Stage fright in the Lysistrata Project

Print More
MP3

(Host) Recently, commentator Philip Baruth participated in the Lysistrata Project, a series of over a 1,000 worldwide readings of Aristophanes’ anti-war comedy. The show featured Willem Lange and gospel singer Fran ois Clemens, and for Philip it was an unforgettable night.

(Baruth) No doubt George Bush and his White House strategists thought that a steady yearlong build-up to war in Iraq would create so much momentum that the rest of the world would move out of the way or clamber aboard. But in fact, that year has given the rest of the world time to close ranks against war.

And the yearlong roll-out of the war on Iraq has transferred its own strange momentum onto me, just like everyone else.
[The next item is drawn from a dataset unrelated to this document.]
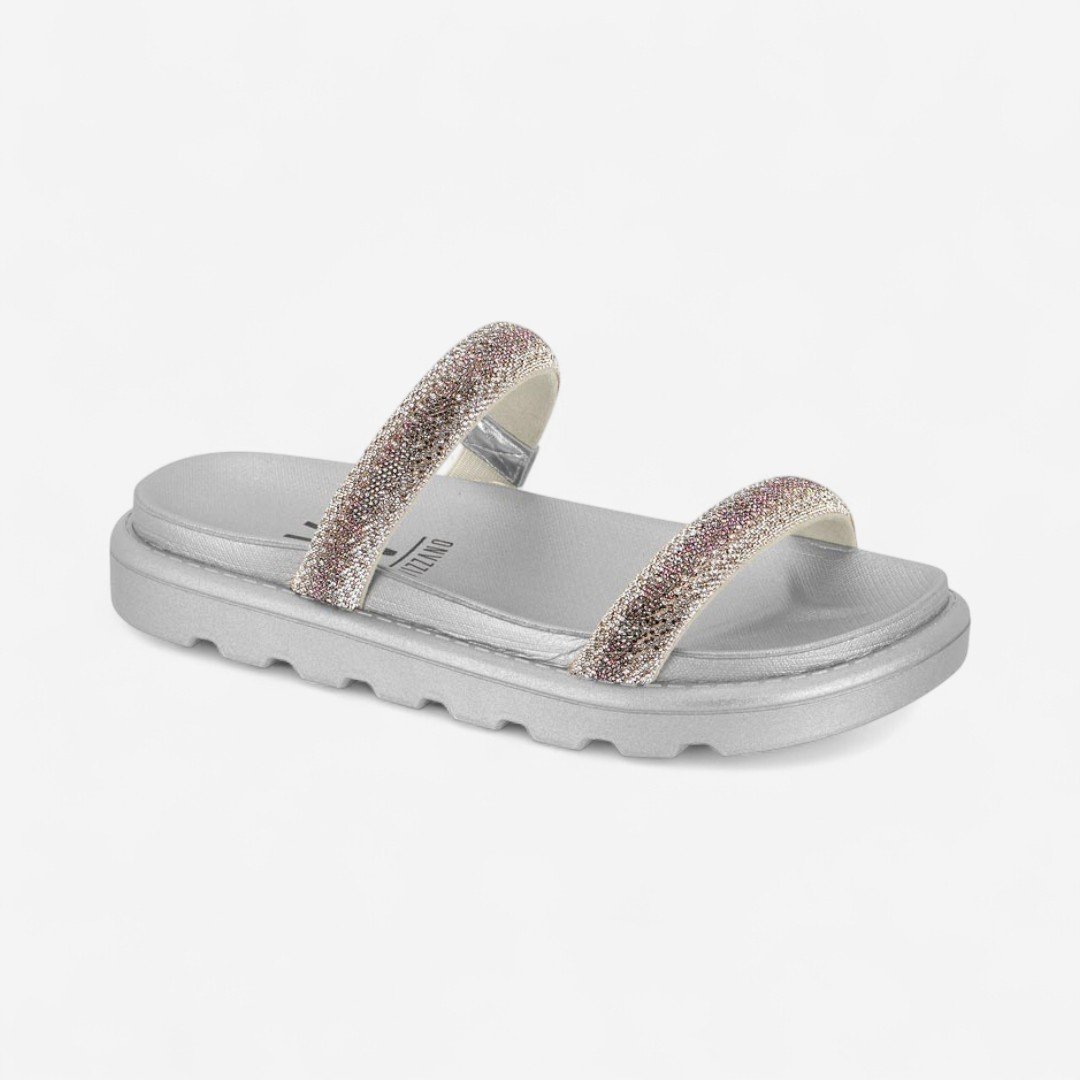 Chinelo Vizzano Slide Feminino Prata Prata 2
A few weeks ago, I got an e-mail from Mark Nash at Vermont Stage, asking me to take part in something called the Lysistrata Project, a reading of Aristophanes’ classic and bawdy anti-war play. Aristophanes’ high concept is that the women of Greece are fed up with endless war, and so they call a sexual boycott until a general peace is declared. The e-mail said that the Project involved over a 1,000 separate readings of Lysistrata, in over 50 countries and in all 50 states. Mark wanted a couple of Vermont writers to flesh out his cast of stage veterans.

So before I know it, I had a schedule of rehearsals and technical run-throughs to attend. All of this was taking place at the Flynn Theatre in Burlington, and so these technical run-throughs were serious business, with huge light and sound systems, millions of ropes backstage pinned to millions of curtains – the whole nine yards. It was pretty intimidating, because most of the cast were real actors – hard-core professionals, people who did splits on the floor during odd moments in rehearsal, people who knew the lingo. My part was a small one, an Athenian delegate who comes on at the end, all but incapacitated by the frustration he’s experiencing.
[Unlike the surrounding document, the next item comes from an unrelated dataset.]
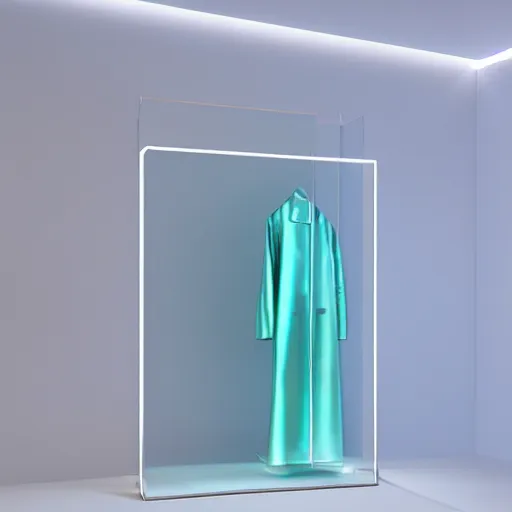 Prompt: an ultra high definition professional studio quality photograph of a transparent iridescent perspex pastel coloured raincoat sculpture on white coat hook in an empty white room. dramatic lighting, ray tracing, refraction, shallow d. o. f, colour corrected, golden ratio, three point light. volumetric shadows. god rays.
I didn’t have to do much, in other words, but read my lines and look like I was in pain. But as the last frenzied rehearsal ended and the lights came up, I got what I guess you’d have to call stage fright. I was convinced all of the sudden that I was going to ruin the show, spoil the message behind the comedy that this war, as Willem Lange put it later that night, would not be fought in our name, by God.

And that’s how I found myself in the stage bathroom of the Flynn, two floors below the street, with five minutes to show time, taking deep breaths and trying to calm down. Now, it turns out that in the stage bathrooms at the Flynn there are these little speakers hanging on the wall, so you don’t miss your cue. I suddenly realized that static was just pouring out of this little box stuck up on the wall. But finally I figured out that it wasn’t static at all – it was crowd noise, a huge crowd, now filling the entire downstairs seating capacity of the theatre. The low-tech little bathroom speaker was just translating it as raw force, though, as the noise of shifting momentum itself.

And it probably makes no sense at all, but I can’t think of a time when I’ve felt less alone, more a part of a vibrant, positive consensus, than I did right then, in that weird little sub-sub-bathroom, looking up at that tiny metal voice-box fixed to the plaster.

Philip Baruth is a novelist living in Burlington, and professor at the University of Vermont.

Comments are closed.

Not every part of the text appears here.